You know, people present the romance of Mary and Percy Shelley as one of history’s great love stories. Possibly because it involved a sudden elopement, and sudden elopements seem so romantic in theory. But they are often just flat-out crazy in practice.

To consider, for starters: Mary (then-Wollstonecraft Godwin) was 16 when she snuck off to meet her future husband, Percy Shelley. They were acquainted through her father, but that rendezvous would be their first tryst. And it would happen in a graveyard. Taken alone, that would be ghoulish enough, as first dates go. But this particular graveyard had, as one of its inhabitants, Mary’s own famous suffragette mother, Mary Wollstonecraft. The symbolism of standing over your dead mother as you profess your love for a hot young poet: tough to ignore. Though the drama of the atmosphere certainly let you ignore that the hot young poet is already married, and expecting a child.

Shelley was 21 himself, so not that much older and certainly not much wiser. He almost instantly slept with Mary (possibly in the cemetery, Miranda Seymour’s recent biography speculates, though who knows), and within two weeks had announced his affections to Mary’s father. Shockingly, the elder Godwin, who had counted Shelley a friend, was less than pleased at these developments. He tried to place himself between Shelley and the “fair and spotless fame of my young child.” He was foiled by his other daughters, one of whom was helping run love notes back and forth between the lovers.
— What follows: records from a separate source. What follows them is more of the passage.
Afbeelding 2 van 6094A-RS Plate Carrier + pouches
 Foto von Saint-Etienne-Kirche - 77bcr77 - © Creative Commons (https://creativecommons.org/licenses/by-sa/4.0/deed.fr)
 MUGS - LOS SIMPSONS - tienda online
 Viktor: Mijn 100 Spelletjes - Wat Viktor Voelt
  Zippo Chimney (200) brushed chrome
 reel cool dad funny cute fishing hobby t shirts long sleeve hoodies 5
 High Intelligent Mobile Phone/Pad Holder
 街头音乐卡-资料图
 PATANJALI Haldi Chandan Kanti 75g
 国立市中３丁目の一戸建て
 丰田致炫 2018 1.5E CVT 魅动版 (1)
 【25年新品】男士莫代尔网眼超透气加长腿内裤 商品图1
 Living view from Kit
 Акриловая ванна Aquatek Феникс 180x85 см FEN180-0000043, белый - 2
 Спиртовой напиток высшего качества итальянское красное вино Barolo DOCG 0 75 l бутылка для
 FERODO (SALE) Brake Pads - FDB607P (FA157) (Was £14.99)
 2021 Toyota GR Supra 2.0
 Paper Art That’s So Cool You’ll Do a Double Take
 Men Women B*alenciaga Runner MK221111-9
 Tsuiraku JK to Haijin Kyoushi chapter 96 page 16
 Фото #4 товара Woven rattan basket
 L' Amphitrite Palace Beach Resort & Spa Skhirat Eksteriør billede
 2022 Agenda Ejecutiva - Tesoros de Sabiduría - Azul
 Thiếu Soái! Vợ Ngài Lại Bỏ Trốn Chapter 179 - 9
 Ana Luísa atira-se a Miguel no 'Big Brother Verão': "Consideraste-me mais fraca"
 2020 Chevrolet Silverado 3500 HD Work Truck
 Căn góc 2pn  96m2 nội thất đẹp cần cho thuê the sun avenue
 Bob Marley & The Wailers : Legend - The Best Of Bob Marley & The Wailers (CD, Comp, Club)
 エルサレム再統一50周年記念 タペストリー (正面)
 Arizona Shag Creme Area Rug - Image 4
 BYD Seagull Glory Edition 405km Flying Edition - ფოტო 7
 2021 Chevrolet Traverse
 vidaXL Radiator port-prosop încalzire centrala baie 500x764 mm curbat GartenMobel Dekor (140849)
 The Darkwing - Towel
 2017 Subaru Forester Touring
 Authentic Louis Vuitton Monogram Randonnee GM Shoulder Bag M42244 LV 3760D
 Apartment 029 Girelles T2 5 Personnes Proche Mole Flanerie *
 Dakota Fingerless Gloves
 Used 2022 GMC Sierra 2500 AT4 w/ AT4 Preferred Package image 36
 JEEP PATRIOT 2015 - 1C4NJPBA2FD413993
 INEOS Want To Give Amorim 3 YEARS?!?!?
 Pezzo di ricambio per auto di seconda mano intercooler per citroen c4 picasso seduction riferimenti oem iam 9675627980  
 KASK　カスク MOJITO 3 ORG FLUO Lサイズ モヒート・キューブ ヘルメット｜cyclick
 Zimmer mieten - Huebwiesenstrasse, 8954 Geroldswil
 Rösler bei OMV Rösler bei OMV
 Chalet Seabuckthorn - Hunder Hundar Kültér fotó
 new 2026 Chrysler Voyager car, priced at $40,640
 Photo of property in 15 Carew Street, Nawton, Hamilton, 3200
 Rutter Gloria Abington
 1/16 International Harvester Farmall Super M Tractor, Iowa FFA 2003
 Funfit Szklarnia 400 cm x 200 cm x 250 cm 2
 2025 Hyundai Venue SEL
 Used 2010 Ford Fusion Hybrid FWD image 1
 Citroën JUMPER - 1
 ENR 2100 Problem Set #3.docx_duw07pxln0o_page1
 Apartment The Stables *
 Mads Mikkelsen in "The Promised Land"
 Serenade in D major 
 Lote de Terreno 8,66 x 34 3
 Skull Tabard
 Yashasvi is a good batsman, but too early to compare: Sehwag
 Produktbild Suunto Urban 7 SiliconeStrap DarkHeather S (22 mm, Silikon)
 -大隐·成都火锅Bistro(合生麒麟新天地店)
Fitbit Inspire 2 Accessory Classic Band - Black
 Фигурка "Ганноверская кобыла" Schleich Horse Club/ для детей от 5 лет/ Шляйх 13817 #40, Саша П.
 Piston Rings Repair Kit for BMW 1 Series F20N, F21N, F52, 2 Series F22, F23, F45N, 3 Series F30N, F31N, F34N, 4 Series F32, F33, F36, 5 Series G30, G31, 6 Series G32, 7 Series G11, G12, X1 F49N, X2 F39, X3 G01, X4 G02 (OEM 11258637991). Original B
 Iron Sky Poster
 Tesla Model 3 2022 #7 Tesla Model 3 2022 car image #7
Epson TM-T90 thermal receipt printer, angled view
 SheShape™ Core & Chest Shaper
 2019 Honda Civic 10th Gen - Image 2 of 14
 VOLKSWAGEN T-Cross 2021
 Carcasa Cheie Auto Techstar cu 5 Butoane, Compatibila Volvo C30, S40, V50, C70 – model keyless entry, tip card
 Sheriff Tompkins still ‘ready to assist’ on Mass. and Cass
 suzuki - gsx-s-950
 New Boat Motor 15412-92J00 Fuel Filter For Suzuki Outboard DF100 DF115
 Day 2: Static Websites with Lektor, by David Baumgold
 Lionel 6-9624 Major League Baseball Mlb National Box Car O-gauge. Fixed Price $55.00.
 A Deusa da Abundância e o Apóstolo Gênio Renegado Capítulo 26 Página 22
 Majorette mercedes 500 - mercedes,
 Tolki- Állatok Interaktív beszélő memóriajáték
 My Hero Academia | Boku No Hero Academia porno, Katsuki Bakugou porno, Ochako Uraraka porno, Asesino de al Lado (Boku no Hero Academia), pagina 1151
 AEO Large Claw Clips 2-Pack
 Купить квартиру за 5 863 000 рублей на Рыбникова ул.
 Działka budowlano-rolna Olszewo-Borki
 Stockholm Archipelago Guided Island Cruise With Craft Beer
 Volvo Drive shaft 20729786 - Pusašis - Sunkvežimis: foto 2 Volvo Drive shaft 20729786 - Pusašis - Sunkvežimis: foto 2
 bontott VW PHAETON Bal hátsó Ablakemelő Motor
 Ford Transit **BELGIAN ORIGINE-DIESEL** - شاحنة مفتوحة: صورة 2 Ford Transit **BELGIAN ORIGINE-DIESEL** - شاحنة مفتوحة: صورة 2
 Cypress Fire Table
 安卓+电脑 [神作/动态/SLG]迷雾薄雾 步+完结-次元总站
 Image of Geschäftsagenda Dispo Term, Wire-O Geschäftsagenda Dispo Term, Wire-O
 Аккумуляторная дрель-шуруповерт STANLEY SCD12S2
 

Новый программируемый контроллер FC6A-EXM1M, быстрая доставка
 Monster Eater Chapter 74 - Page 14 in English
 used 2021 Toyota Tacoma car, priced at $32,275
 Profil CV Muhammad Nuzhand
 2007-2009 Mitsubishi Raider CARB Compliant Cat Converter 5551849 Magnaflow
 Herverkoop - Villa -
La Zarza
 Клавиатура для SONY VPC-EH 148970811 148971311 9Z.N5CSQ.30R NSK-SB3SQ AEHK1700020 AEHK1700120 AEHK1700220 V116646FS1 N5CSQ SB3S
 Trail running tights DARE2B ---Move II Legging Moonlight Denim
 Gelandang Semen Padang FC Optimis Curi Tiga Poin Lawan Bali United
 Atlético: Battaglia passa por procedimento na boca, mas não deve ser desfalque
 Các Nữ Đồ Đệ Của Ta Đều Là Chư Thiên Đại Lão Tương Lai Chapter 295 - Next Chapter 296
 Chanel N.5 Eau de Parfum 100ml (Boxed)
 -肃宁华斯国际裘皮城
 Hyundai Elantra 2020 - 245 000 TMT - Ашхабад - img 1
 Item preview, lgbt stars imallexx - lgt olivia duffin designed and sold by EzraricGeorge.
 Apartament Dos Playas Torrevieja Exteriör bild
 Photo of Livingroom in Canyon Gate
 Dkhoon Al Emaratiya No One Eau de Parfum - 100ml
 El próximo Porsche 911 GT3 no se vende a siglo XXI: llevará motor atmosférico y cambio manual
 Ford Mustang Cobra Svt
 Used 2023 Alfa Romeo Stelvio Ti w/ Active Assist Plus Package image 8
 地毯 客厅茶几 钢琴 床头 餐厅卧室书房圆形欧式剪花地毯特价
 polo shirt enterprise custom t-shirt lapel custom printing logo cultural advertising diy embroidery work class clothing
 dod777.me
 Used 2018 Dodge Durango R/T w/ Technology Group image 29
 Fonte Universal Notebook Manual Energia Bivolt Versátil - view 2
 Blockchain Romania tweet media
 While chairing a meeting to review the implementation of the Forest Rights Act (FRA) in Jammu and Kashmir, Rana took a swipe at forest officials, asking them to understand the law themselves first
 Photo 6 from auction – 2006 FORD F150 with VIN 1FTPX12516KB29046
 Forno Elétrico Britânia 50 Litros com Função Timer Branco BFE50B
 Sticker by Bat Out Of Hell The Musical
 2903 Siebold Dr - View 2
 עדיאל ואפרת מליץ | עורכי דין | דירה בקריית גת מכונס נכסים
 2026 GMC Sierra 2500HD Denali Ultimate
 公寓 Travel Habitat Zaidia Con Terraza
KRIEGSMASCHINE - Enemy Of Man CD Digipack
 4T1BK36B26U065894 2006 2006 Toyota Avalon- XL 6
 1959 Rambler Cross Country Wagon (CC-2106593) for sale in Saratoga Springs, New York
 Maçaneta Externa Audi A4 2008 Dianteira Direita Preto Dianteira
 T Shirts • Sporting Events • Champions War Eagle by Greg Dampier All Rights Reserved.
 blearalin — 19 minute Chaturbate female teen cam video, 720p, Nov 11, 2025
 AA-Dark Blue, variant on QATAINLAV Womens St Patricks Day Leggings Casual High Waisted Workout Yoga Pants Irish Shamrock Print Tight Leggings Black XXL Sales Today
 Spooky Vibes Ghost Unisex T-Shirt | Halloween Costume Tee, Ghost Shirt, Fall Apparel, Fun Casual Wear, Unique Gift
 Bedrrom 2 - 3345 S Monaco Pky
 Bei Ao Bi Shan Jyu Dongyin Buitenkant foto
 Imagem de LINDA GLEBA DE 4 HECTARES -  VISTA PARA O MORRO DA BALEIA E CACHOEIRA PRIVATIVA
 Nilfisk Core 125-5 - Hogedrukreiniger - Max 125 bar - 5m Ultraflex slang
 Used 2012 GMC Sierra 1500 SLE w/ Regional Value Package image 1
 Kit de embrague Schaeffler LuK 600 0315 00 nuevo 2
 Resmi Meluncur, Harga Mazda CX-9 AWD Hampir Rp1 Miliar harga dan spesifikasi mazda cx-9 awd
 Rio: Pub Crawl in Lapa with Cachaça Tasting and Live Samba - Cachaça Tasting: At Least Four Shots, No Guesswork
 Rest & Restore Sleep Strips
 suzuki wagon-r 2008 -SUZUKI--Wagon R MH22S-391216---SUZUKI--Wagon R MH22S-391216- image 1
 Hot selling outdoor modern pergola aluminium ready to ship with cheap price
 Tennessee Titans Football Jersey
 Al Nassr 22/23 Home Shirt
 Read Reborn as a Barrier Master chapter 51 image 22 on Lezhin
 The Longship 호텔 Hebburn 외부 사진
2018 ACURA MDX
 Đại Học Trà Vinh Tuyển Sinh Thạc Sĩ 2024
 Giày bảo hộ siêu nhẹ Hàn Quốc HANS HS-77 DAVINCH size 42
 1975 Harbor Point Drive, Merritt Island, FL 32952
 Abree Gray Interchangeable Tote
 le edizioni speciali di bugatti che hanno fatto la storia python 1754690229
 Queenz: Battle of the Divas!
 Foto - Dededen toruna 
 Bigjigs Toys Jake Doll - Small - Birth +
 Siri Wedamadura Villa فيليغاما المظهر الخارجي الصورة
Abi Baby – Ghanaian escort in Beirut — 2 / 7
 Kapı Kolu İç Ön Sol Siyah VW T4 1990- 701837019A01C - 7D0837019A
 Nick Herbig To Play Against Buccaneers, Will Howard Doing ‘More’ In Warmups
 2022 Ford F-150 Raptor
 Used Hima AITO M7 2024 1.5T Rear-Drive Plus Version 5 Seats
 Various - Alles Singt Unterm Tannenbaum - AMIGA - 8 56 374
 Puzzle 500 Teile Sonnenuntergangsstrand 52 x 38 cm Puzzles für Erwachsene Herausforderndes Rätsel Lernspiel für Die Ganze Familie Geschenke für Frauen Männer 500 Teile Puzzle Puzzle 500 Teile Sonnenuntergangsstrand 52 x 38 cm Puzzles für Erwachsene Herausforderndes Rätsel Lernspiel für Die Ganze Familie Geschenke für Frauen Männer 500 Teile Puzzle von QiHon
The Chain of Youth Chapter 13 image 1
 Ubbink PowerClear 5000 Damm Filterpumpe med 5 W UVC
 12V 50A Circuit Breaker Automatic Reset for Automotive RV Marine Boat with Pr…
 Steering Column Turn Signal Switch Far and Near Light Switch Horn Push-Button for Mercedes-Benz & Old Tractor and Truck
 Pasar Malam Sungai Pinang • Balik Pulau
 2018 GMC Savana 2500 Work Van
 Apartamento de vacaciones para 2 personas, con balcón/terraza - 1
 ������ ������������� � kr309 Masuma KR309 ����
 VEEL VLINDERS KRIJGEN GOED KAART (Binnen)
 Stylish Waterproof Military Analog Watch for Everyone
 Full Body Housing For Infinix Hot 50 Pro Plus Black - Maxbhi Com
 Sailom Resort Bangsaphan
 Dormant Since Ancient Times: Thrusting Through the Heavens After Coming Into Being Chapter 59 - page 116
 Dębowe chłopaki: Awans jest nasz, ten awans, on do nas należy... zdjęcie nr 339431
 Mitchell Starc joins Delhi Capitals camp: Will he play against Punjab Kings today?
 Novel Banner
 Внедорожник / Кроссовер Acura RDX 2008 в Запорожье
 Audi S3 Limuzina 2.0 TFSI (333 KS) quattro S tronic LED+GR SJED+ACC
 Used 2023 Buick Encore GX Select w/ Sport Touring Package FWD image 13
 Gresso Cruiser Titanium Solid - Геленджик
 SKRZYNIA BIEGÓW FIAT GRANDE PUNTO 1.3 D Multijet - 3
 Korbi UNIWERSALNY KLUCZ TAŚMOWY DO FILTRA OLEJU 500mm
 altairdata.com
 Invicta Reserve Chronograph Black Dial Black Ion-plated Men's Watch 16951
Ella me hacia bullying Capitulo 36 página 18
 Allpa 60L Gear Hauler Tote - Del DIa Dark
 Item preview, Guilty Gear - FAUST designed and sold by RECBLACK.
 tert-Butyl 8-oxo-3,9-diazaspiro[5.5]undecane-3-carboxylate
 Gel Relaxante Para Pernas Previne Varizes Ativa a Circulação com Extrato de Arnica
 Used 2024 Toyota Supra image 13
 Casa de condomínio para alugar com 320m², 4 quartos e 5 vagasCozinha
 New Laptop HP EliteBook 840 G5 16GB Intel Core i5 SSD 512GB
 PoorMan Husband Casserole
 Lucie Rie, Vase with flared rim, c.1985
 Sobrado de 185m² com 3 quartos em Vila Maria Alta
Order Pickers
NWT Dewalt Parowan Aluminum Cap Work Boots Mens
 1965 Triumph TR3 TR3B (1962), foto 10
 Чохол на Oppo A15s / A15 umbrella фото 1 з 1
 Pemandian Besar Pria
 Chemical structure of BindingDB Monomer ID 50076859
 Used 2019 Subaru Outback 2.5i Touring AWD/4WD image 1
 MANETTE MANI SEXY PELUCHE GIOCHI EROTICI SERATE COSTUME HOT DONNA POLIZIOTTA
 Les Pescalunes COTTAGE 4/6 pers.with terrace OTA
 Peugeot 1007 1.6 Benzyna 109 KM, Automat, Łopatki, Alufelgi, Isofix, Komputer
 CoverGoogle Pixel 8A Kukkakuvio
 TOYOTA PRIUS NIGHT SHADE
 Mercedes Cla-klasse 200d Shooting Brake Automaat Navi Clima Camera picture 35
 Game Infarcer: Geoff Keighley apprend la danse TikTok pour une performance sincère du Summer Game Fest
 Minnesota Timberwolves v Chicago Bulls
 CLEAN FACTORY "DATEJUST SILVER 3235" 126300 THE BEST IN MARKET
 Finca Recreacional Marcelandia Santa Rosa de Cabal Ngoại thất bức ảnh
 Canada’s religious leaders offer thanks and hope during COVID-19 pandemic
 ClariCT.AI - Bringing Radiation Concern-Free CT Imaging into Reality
Jane had also been a chaperone on that night (or those nights) in the graveyard, though she was more accomplice than hall monitor, obviously.

Meanwhile, Shelley told his wife, Harriet, in a letter that he would continue to be friendly but that she must consider Mary’s own suffering, and “the tyranny which is exercised upon her,” meaning, it seems, Godwin’s control over his daughter. The man had balls, telling his pregnant wife to sympathize with his mistress of perhaps a month’s standing. He began to make financial plans to leave Harriet, plans no doubt made easier by the fact that Shelley was an endless borrower from his father’s estate.

Never one to stick to the practicalities, this plan-making did not prevent Shelley from, on at least two occasions, threatening suicide by laudanum. At least once, he tried to induce Mary herself to do the same in a sort of misbegotten Romeo-and-Juliet drama. Finally, he hatched a plan that they would leave and go abroad, and Mary dashed to the end of a street after a chaise, trailing Jane too, running in black silk ball gowns. It was under two months after the first night in the cemetery and the thing had already gone all to hell. Though Shelley was happy, and even toying with the idea of eventually having Harriet join them when the trio settled in continental Europe.

The thing he might not have known then, as they rushed to Dover to sail across the English channel, was that Mary was already pregnant.

She would eventually miscarry that child. Bad childbirths became a theme of her life, possibly one reflected in the fleshy grostesqueness of Frankenstein, as Ruth Franklin has speculated. Of the five pregnancies she’d have in the four years she’d be with Shelley, only one child would actually survive.

In fact, most things, after the pretty elopement, went sour. Jane, who continued to live with the couple for some time, changed her name to Claire and promptly began to deeply annoy Mary by carrying on what was at least an emotional affair with Shelley.

Harriet Shelley committed suicide a couple of years later.

Godwin’s former financial stability began to evaporate, and he reconciled with his daughter just in time to become a financial burden on her.

Shelley’s interest in Mary herself began to wane.

And then Shelley died in a sailing accident, and his family refused to support Mary or the one surviving child of the alliance, William.

Appropriately, though, for someone whose romantic life hit its peak in a graveyard, she managed to keep his heart, cut from the decaying body they took from the sea. Later, she burned it with Shelley’s friends on a pyre. (The apocrypha holds that Shelley was a bit afraid of being buried alive, and had often hoped for this.) After Mary died, Seymour notes, what remained of the heart was found among her things, wrapped in silk. People like to think of this as a melodramatic testament to the lastingness of their love.

That, I think, is a bit of a teenager’s interpretation. Let me offer another counterintuitive reading, one which I have no real evidence for — but, I think, with a life of melodramatic boyfriends behind me, I do have some authority to offer. See, as for myself, I like to think there were nights when she saw keeping his heart imprisoned in a drawer so long after he was gone as a sort of payback, for his taking her own at such a young age. There is a level on which it all sounds like revenge.